The excuse he gave: He was finishing some work. I thought to myself that I also had a lot of work to do. Yet, I was on time.

For the entire year, I avoided meeting him and did not initiate any meetups.

Last week, he asked to meet again. I ignored the text as I thought it will not be a good use of my time to spend it with him.

I then reminded myself that 'A person's success in life can usually be measured by the number of uncomfortable conversations he or she is willing to have.' (Tim Ferris).

Successful people I knew were comfortable in uncomfortable conversations. They had the courage to talk about hard things and express their needs. Assertiveness is a muscle that needs to be built.

Eventually I brought this up to him, shared how I felt and asked if we could both come on time:

If we choose to give this time with each other, shall we both respect each other by coming close to the time we agreed on? I hope you can understand where I am coming from.

It took quite a bit of courage to bring this up. Here were the three considerations I had:

1. Self-respect and time saving are more important than discomfort

If I chose to say nothing, I would have risked wasting 20-30 minutes.

Worse, I would have to experience the feeling of feeling disrespected again.

I felt that the above situations were way more painful than having a difficult conversation.

Thus, communicating how I felt and what I wanted was a necessary step.

2. The worst case scenario of setting a boundary is not that bad

He could get upset and maybe even stop talking to me.

I thought to myself, if he were to react in a way that is unpleasant like feel I am petty, then I am also willing to walk away.

Why do I need this kind of friend? It is too expensive.

I can definitely do better than having a friend who does not respect me.

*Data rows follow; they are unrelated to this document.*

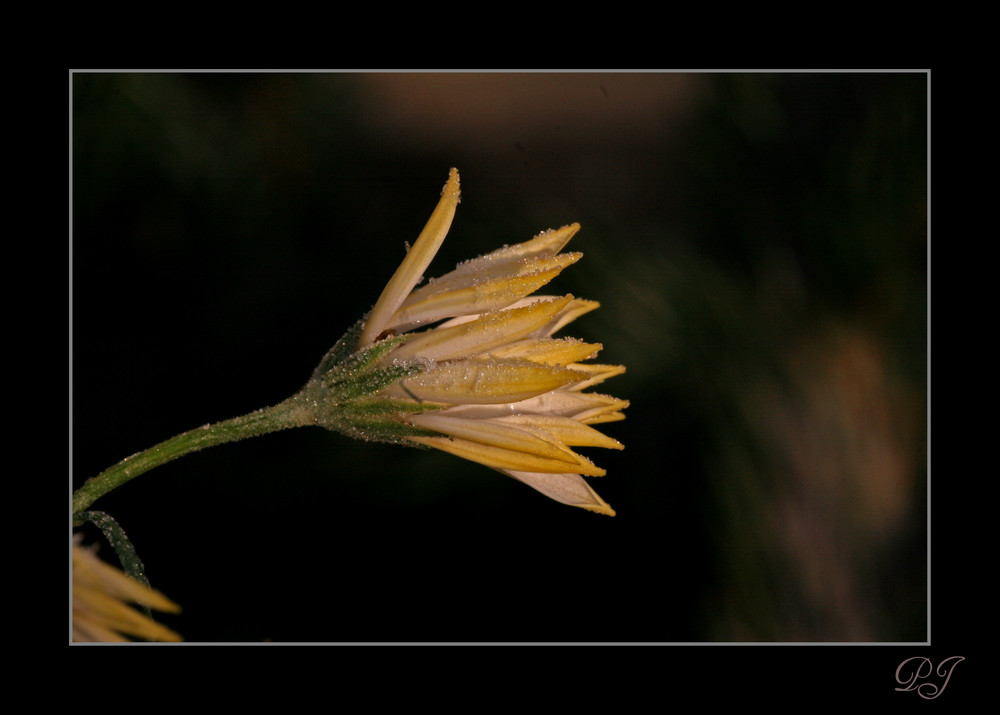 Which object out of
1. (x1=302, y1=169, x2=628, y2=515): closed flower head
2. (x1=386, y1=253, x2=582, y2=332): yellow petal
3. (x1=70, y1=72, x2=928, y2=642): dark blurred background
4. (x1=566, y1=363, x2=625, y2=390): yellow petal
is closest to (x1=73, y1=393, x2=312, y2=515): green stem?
(x1=302, y1=169, x2=628, y2=515): closed flower head

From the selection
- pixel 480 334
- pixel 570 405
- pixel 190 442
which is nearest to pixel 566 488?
pixel 570 405

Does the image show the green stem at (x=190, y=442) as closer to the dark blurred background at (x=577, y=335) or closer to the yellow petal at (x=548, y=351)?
the yellow petal at (x=548, y=351)

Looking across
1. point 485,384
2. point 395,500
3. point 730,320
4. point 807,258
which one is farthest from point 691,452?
point 485,384

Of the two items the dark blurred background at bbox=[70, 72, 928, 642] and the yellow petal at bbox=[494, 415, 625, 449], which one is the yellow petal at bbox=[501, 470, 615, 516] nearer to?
the yellow petal at bbox=[494, 415, 625, 449]

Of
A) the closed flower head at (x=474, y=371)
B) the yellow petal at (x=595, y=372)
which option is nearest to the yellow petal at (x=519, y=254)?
the closed flower head at (x=474, y=371)

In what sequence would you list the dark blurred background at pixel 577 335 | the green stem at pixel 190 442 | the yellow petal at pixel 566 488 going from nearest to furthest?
the green stem at pixel 190 442 → the yellow petal at pixel 566 488 → the dark blurred background at pixel 577 335

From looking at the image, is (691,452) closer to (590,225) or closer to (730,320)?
(730,320) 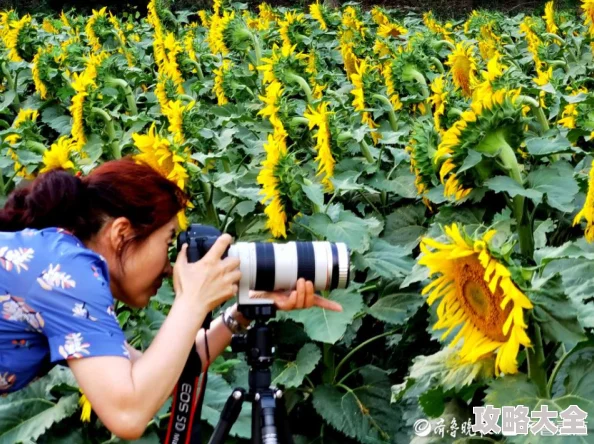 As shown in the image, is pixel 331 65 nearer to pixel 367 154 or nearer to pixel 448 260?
pixel 367 154

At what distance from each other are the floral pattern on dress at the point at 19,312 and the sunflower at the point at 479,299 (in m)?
0.68

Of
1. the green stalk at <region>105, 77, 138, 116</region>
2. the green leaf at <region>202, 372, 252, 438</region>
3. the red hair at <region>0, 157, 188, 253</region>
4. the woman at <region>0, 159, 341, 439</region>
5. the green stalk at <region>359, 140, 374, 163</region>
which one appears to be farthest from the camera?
the green stalk at <region>105, 77, 138, 116</region>

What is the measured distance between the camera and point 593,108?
2789 millimetres

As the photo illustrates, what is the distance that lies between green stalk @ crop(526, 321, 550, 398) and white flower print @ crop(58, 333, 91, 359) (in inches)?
31.3

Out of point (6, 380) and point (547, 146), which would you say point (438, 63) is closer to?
point (547, 146)

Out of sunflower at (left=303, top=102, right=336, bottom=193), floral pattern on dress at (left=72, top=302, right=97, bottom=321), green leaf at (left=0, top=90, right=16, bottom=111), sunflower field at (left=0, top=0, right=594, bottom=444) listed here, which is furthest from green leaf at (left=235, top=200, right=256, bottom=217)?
green leaf at (left=0, top=90, right=16, bottom=111)

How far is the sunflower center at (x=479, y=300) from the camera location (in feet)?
5.50

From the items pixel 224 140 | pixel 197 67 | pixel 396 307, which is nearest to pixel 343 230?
pixel 396 307

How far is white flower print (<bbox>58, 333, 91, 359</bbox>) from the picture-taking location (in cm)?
154

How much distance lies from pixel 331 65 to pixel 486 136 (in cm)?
353

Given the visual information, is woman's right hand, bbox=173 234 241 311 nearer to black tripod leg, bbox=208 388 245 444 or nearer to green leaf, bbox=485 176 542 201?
black tripod leg, bbox=208 388 245 444

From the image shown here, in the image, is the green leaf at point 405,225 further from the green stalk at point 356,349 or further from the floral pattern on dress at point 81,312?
the floral pattern on dress at point 81,312

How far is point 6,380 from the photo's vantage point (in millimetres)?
1722

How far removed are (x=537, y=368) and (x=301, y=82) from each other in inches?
90.9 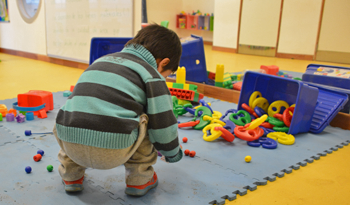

Thankfully he reacted in a mature way which affirmed that I chose the right friend in the first place.

3. I have to take ownership of this situation too

If I never set a boundary, I cannot blame people for crossing it twice.

He might have thought I was ‘chill’ about it as I did not really express frustration previously.

Given the goals I want to achieve, I need to be careful about how my time and energy is spent.

Waking up to the reality here in Singapore

Singapore has a global standard of living. We have a lot more security, convenience and efficiency versus our Southeast Asian neighbours.

We have a better work culture generally versus China, Japan, Korea, Hong Kong and Taiwan.

However, we cannot have our cake and eat it too. With global standard of living, also comes global competition and higher costs. This is the same message The Woke Salaryman has been trying to convey.

I feel worried seeing many in our local workforce choosing to lie flat 躺平 and cruise.

With the rise of Southeast asia, some companies have moved their APAC teams from here to our neighours and small businesses are starting to hire more workers from Malaysia where manpower costs could be 4x lower.

Singapore has shared about tripling our AI workforce to 15,000. Can we really be sure that a sizable majority of these jobs will go to Singaporeans?